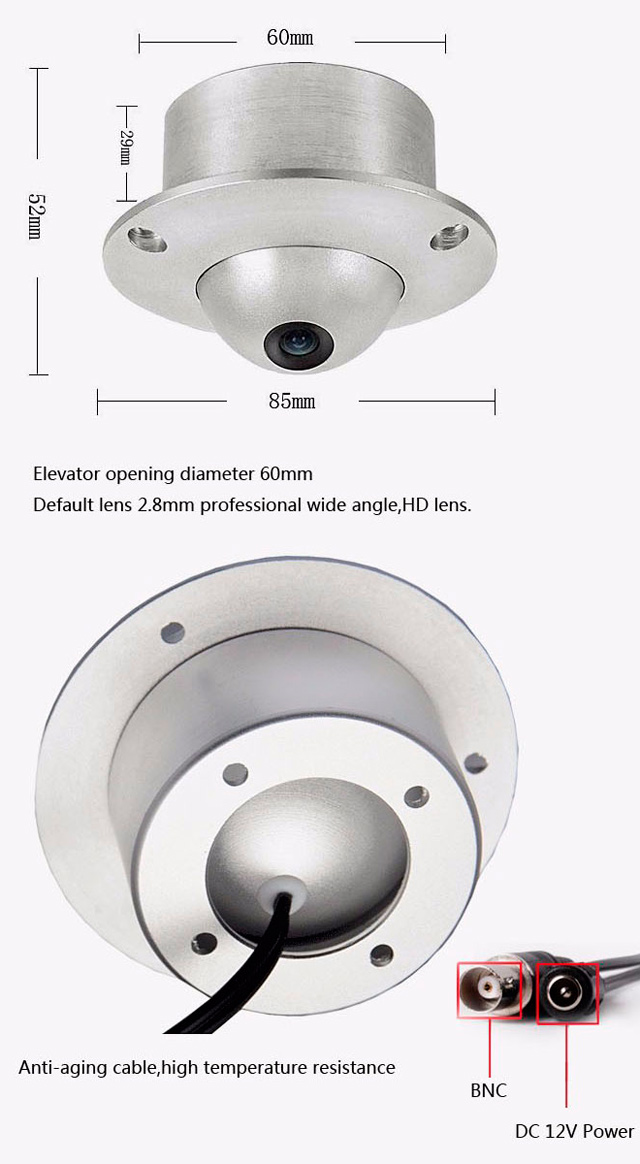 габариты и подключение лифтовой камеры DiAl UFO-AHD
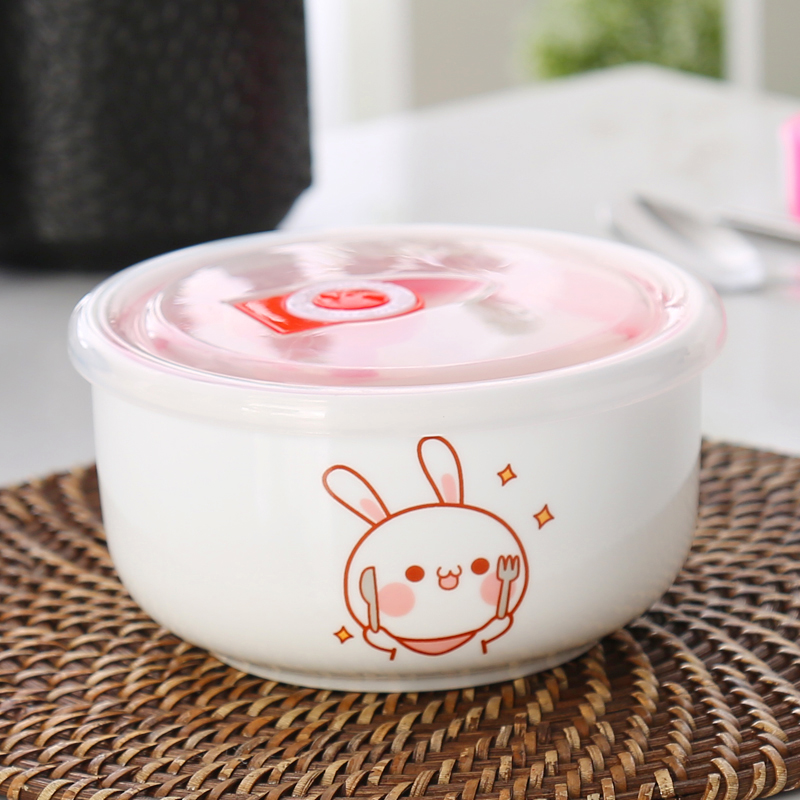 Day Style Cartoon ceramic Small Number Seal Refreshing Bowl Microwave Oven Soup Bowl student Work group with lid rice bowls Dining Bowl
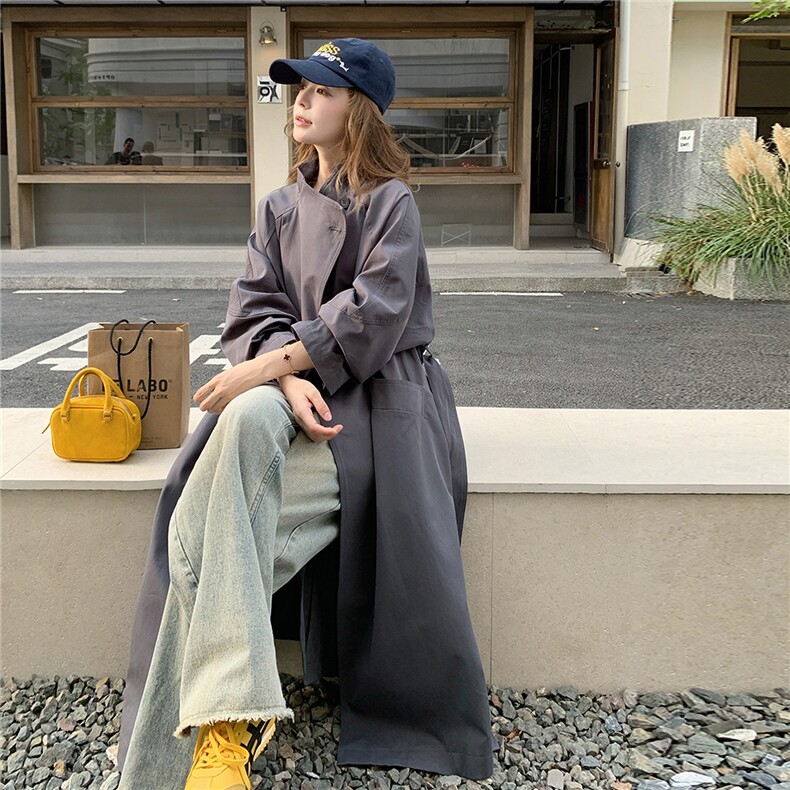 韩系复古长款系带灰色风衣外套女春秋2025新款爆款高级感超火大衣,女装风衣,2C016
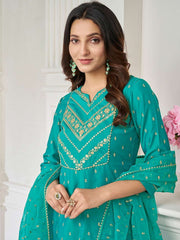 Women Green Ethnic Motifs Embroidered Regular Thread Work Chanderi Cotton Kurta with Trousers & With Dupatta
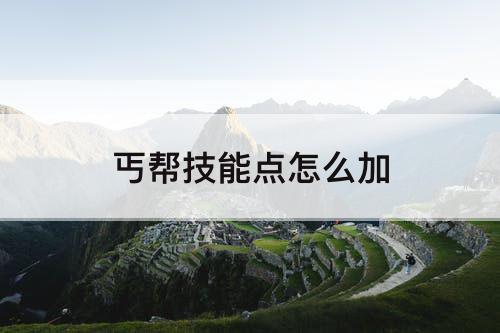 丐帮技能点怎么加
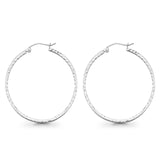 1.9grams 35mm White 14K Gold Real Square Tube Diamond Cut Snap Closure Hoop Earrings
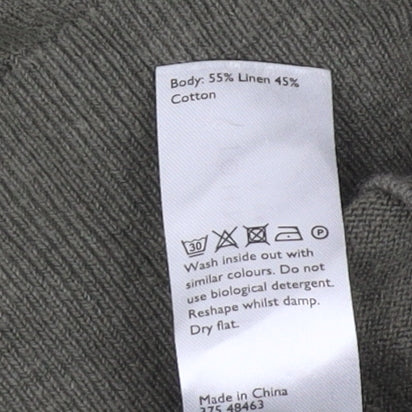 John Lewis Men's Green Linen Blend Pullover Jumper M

○ ○ ○ ○

* Problem requirements: Leave out the pictures and set down all of the data exactly.

* Task solution:
 габариты и подключение лифтовой камеры DiAl UFO-AHD
 Day Style Cartoon ceramic Small Number Seal Refreshing Bowl Microwave Oven Soup Bowl student Work group with lid rice bowls Dining Bowl
 韩系复古长款系带灰色风衣外套女春秋2025新款爆款高级感超火大衣,女装风衣,2C016
 Women Green Ethnic Motifs Embroidered Regular Thread Work Chanderi Cotton Kurta with Trousers & With Dupatta
 丐帮技能点怎么加
 1.9grams 35mm White 14K Gold Real Square Tube Diamond Cut Snap Closure Hoop Earrings
 John Lewis Men's Green Linen Blend Pullover Jumper M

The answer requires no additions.